Task goal
Going down the data below, set down exactly the line with "Ancient Order Of" and each line after it through the line with "Exotic Fruits cartoon"; no other lines.

BEGIN Data

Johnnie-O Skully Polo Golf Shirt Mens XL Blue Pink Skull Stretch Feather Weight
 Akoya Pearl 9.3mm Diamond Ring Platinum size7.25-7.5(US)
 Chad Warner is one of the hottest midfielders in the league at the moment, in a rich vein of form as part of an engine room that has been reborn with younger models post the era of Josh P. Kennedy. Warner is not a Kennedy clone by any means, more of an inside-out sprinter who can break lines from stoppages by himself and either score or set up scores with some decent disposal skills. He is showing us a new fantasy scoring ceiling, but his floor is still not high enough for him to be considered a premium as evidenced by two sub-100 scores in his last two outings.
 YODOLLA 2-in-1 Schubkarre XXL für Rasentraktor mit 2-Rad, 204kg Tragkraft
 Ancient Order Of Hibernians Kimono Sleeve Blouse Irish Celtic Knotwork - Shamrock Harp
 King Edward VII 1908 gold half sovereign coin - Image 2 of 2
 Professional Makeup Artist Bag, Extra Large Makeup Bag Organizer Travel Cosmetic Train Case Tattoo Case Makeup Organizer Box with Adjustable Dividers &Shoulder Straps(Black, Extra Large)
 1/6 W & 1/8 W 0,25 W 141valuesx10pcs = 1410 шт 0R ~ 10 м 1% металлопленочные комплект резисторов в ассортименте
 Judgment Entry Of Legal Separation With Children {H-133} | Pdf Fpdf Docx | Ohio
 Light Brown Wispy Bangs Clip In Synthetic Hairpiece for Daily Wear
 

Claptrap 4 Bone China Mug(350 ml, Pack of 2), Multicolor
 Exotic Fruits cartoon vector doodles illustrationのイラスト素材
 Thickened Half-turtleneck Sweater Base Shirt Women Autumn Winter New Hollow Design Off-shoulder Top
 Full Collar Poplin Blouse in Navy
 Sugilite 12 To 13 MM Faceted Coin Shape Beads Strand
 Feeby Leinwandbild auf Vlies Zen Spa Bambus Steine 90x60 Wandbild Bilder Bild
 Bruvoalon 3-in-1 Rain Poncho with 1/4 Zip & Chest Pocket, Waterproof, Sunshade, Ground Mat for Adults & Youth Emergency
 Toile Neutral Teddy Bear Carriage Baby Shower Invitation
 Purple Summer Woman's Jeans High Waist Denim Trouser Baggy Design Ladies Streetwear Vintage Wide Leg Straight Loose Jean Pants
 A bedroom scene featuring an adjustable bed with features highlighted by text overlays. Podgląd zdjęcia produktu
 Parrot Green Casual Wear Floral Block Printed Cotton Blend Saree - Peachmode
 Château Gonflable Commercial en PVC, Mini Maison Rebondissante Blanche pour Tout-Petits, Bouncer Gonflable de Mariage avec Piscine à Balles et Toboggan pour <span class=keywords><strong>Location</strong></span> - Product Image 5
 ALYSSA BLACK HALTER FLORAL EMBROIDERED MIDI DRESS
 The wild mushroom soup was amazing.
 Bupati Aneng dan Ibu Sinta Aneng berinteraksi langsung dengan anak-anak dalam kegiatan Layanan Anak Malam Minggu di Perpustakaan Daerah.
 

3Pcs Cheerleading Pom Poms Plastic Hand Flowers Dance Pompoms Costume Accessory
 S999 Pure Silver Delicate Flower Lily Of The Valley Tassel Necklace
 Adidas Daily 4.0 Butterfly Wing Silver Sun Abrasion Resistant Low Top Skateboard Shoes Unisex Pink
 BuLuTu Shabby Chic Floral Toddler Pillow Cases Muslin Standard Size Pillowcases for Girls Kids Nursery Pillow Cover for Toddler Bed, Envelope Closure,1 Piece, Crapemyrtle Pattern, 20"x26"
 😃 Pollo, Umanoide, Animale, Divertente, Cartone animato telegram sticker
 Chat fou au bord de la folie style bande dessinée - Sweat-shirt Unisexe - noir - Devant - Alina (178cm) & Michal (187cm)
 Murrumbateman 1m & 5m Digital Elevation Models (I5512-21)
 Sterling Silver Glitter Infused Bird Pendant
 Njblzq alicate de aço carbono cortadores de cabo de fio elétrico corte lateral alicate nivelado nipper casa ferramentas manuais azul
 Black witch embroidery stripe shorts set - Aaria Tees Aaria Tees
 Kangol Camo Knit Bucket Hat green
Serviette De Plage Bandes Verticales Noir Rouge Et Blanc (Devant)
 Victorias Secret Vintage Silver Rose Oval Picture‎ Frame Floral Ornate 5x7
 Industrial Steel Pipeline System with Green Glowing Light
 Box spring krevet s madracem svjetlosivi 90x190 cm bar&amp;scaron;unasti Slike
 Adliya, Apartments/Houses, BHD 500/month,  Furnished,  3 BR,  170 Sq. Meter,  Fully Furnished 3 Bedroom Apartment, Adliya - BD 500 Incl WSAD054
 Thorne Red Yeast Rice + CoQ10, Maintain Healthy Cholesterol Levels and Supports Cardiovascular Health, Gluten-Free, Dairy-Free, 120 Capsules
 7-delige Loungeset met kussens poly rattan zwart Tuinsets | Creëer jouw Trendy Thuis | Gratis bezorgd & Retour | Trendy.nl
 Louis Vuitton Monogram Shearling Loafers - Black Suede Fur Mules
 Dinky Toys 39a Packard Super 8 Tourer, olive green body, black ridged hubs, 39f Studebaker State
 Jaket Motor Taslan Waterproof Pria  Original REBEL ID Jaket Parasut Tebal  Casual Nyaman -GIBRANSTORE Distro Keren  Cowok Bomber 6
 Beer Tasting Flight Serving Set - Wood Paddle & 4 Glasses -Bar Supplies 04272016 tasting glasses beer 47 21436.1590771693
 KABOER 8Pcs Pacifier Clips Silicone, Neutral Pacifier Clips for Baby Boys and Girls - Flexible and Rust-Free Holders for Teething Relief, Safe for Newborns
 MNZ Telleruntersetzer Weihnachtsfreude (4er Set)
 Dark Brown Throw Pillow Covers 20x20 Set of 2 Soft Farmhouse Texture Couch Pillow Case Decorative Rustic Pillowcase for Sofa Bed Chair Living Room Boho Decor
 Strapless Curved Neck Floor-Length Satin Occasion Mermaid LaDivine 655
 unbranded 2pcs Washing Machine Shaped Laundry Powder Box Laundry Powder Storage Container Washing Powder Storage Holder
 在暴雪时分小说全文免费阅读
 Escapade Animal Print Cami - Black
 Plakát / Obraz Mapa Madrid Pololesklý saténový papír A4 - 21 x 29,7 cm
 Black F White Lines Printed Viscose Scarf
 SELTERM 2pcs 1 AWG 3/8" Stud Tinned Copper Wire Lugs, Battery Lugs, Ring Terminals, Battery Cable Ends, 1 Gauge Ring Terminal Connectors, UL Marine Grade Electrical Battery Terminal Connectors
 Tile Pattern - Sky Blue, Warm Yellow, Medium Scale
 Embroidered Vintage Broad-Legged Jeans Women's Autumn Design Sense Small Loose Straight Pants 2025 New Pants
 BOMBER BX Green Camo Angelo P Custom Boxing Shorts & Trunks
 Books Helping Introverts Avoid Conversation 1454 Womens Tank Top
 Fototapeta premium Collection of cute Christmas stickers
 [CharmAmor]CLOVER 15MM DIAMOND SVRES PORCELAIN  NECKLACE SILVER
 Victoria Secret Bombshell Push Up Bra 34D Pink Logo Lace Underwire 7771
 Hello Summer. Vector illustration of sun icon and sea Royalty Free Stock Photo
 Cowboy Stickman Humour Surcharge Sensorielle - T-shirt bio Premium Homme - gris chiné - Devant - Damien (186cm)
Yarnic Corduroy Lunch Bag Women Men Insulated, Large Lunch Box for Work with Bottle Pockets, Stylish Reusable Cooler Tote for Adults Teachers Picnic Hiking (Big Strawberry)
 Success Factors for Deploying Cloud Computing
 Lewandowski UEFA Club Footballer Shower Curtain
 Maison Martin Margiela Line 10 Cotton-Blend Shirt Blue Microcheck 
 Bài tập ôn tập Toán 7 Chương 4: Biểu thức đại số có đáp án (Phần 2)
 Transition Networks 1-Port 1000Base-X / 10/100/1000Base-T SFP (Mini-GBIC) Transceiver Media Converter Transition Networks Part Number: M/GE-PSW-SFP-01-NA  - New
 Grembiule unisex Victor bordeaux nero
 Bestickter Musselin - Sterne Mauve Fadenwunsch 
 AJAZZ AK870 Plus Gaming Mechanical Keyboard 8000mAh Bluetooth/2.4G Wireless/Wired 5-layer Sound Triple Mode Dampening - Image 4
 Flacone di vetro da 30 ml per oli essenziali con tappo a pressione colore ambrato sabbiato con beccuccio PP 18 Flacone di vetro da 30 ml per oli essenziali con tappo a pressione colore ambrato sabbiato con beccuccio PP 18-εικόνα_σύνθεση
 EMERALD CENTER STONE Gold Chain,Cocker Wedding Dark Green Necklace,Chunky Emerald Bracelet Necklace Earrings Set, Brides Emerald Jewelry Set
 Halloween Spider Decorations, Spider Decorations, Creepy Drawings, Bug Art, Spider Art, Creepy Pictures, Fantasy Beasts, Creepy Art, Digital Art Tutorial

END Data

Answer for this exercise
 Ancient Order Of Hibernians Kimono Sleeve Blouse Irish Celtic Knotwork - Shamrock Harp
 King Edward VII 1908 gold half sovereign coin - Image 2 of 2
 Professional Makeup Artist Bag, Extra Large Makeup Bag Organizer Travel Cosmetic Train Case Tattoo Case Makeup Organizer Box with Adjustable Dividers &Shoulder Straps(Black, Extra Large)
 1/6 W & 1/8 W 0,25 W 141valuesx10pcs = 1410 шт 0R ~ 10 м 1% металлопленочные комплект резисторов в ассортименте
 Judgment Entry Of Legal Separation With Children {H-133} | Pdf Fpdf Docx | Ohio
 Light Brown Wispy Bangs Clip In Synthetic Hairpiece for Daily Wear
 

Claptrap 4 Bone China Mug(350 ml, Pack of 2), Multicolor
 Exotic Fruits cartoon vector doodles illustrationのイラスト素材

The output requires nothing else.